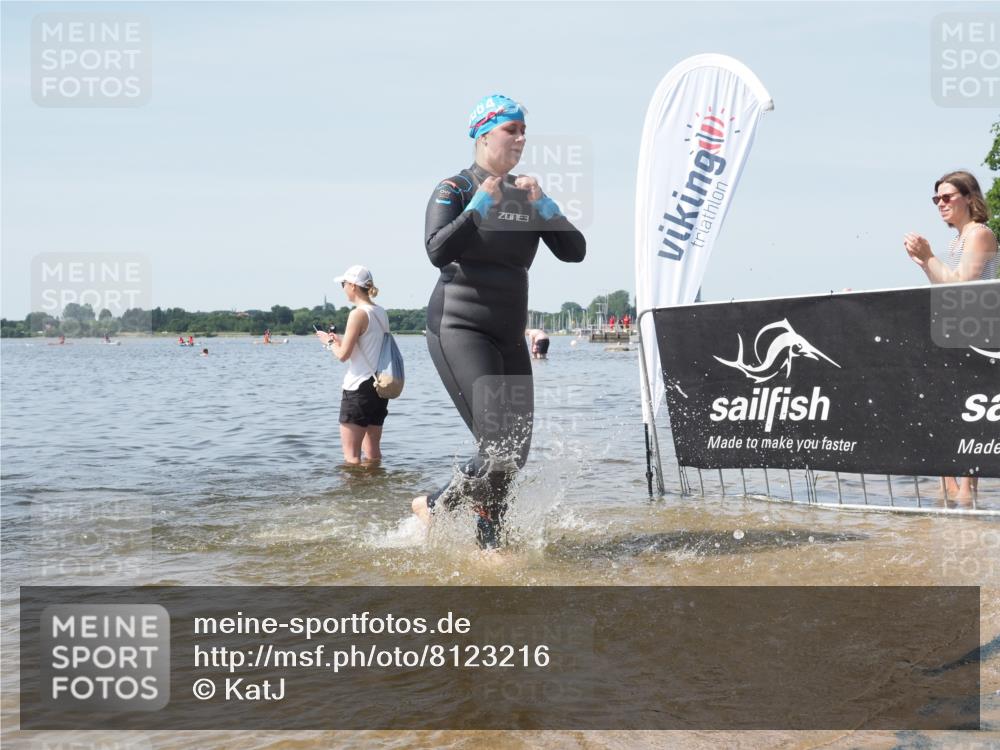 22.06.2025 - Viking Triathlon KatJ http://msf.ph/oto/8123216 22.06.2025 10:53:24 Schwimmen 201, 241, 319 meine-sportfotos.de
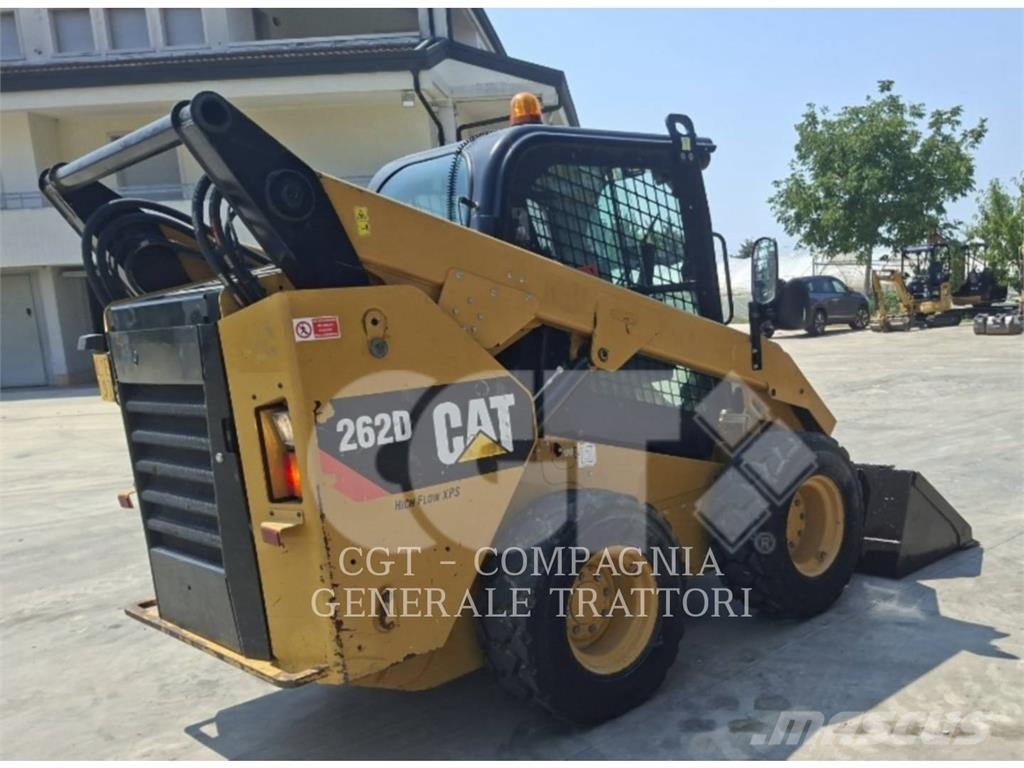 CAT 262D لوادر انزلاقية التوجيه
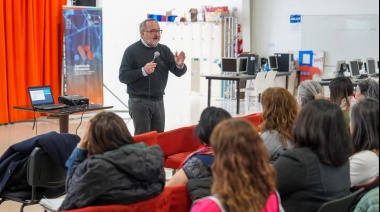 Gobierno y la Universidad Internacional de la Rioja de España entregarán 150 becas a docentes para capacitaciones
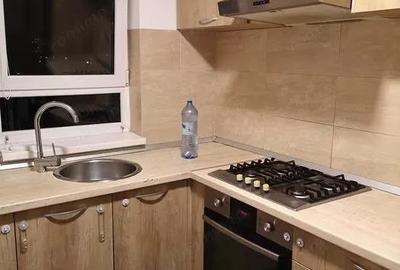 Apartament cu 3 camere decomandat în Dacia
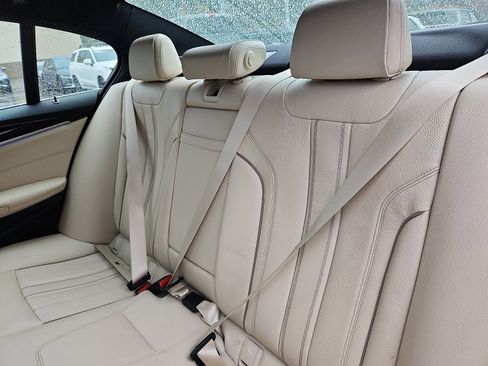 Used 2019 BMW 530i xDrive w/ Convenience Package image 27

* _REQUIRED WORK_: Every record above should be duplicated precisely, with the images removed.

* _TASK ANSWER_:
 22.06.2025 - Viking Triathlon KatJ http://msf.ph/oto/8123216 22.06.2025 10:53:24 Schwimmen 201, 241, 319 meine-sportfotos.de
 CAT 262D لوادر انزلاقية التوجيه
 Gobierno y la Universidad Internacional de la Rioja de España entregarán 150 becas a docentes para capacitaciones
 Apartament cu 3 camere decomandat în Dacia
 Used 2019 BMW 530i xDrive w/ Convenience Package image 27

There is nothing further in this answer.